Summer Interns Share Stories

Three "pioneer farmers" shared their agrarian insights with the Mount Vernon Rotary Club last week at the Cedar Knoll Inn. Now they are prepared to re-enter the 21st century.

The three are summer interns at Mount Vernon Estate's Pioneer Farm. They represented half of the six interns selected each year by Mount Vernon to discover first hand how a colonial farm operated, according to Jinny Fox, supervisor, Pioneer Farm.

"We get 15 to 20 applications every year from college students who want to participate in the Mount Vernon experience. They come from throughout the United States," she said. "Each applicant is interviewed for an hour before we make the selections."

Three of those selected for this summer's program were Rachel Hudgens from Texas, a junior at Harding University, College Station, Arkansas; Tyler Alexander from Richmond, Vt., a junior at UVA; and Jamie Alutis from Eagle River, Alaska, attending Charleston Southern University, Charleston, S.C.

"I came to this area last summer on a trip and ended up spending one entire day at Mount Vernon. When I saw someone in costume I just questioned them endlessly about how they got their job and what they did," Hudgens said.
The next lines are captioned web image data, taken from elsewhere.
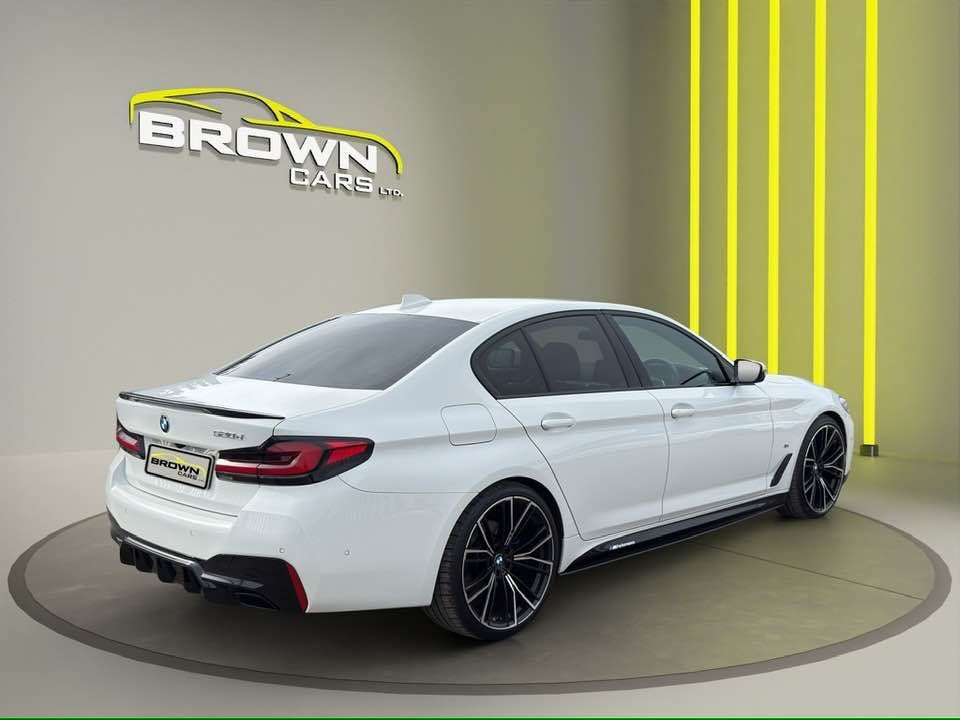 2021 BMW 5 SERIES 2021 BMW 5 SERIES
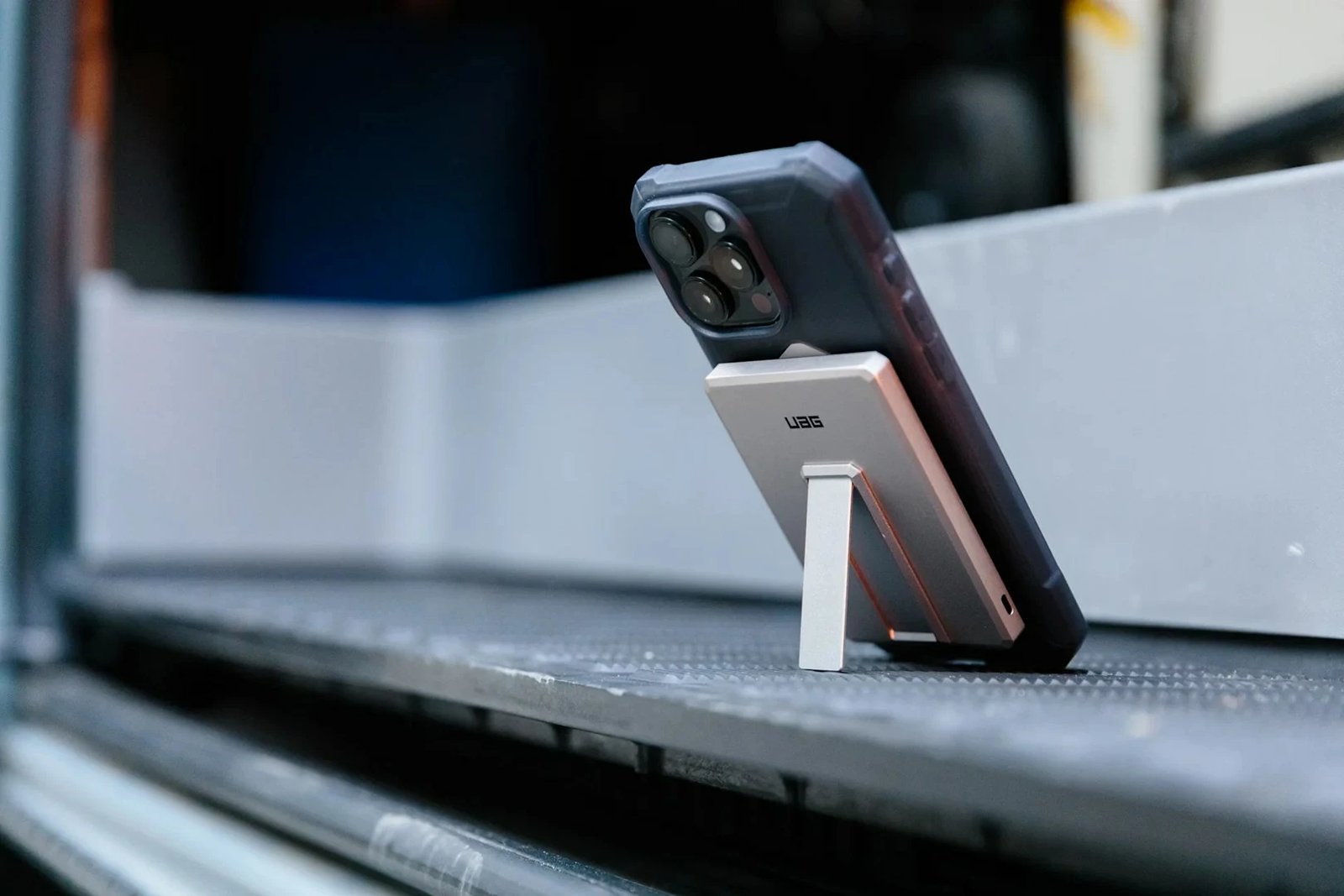 Power bank Urban Armor Gear 9B4417114030, 5000 mAh, Wireless, Gri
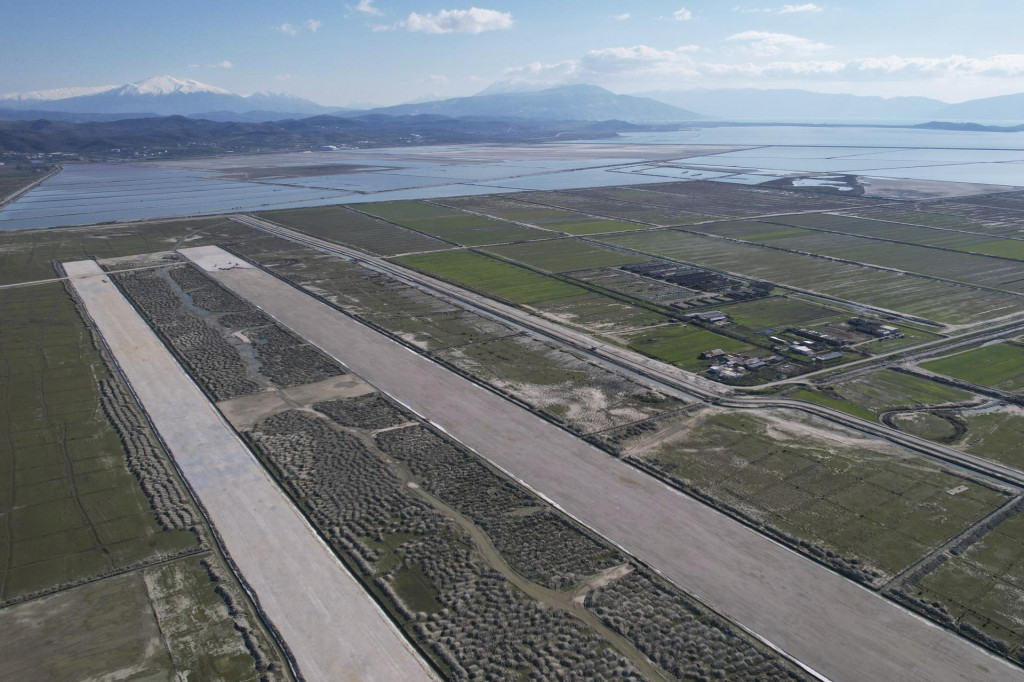 Nové letisko, ktoré sa nachádza zhruba 14 km od albánskeho hlavného mesta Tirana. FOTO: TASR/AP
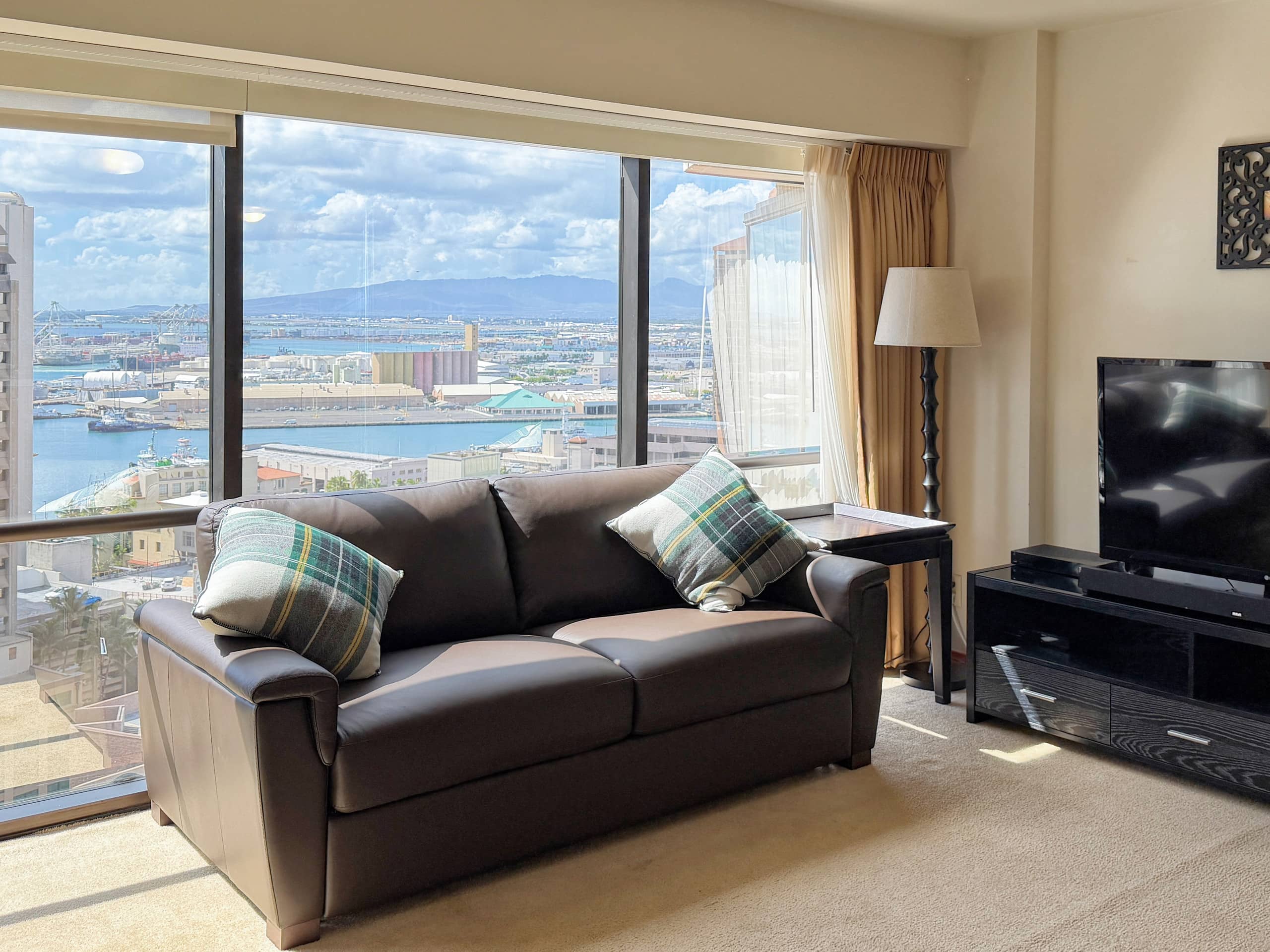 Oceanview Downtown Suite - Image 2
"I'm a history major with an emphasis on costume interpreting. Last summer I worked on another farm and had a lot of different experiences, like cleaning out the chicken coops," she said.

"But, Mount Vernon's 'Hands On History' is a terrific program. You are able to actually learn a lot of interesting colonial skills such as basket weaving and how to cut wheat by hand," Hudgens said.

WHEN ASKED about the strangest questions she's gotten while working in costume, she said, "While I was cutting wheat by hand one day a tourist was watching. He then asked if I was actually cutting it," she said. Interns work the wheat fields with reap hooks and scythes.

Alexander said, "My first passion was forestry. Then I changed to a history major. I'm hoping this experience might show me a way to combine the two."

As for his greatest legacy from this experience, "I believe it will be learning the art of communicating with a great variety of people. I have also found Virginians very welcoming. Much more so than when my ancestors were here in the 1860s," Alexander said.

Alutis admitted, "We don't have a lot of farming in Alaska. At least not the area I come from which is right outside Anchorage."

She is also a history major and looked upon her summer at Mount Vernon as an experience in "living history."

WASHINGTON BUILT Mount Vernon Estate into an 8,000 acre plantation over his lifetime by purchasing several adjoining farms. He organized it into five distinct units. In addition to the Mansion House Farm, there were four working farms, River, Muddy Hole, Dogue and Union. According to the Estate's history, "Each working farm had its own overseer and work force ...."

Interns work a full day at the Estate's farm doing and learning all the various chores it took to make the farm operate in the days of George and Martha Washington. They are housed in the guest quarters of the Mount Vernon Ladies Association headquarters on the Estate.

Each will go through an exit interview prior to departure, according to Fox.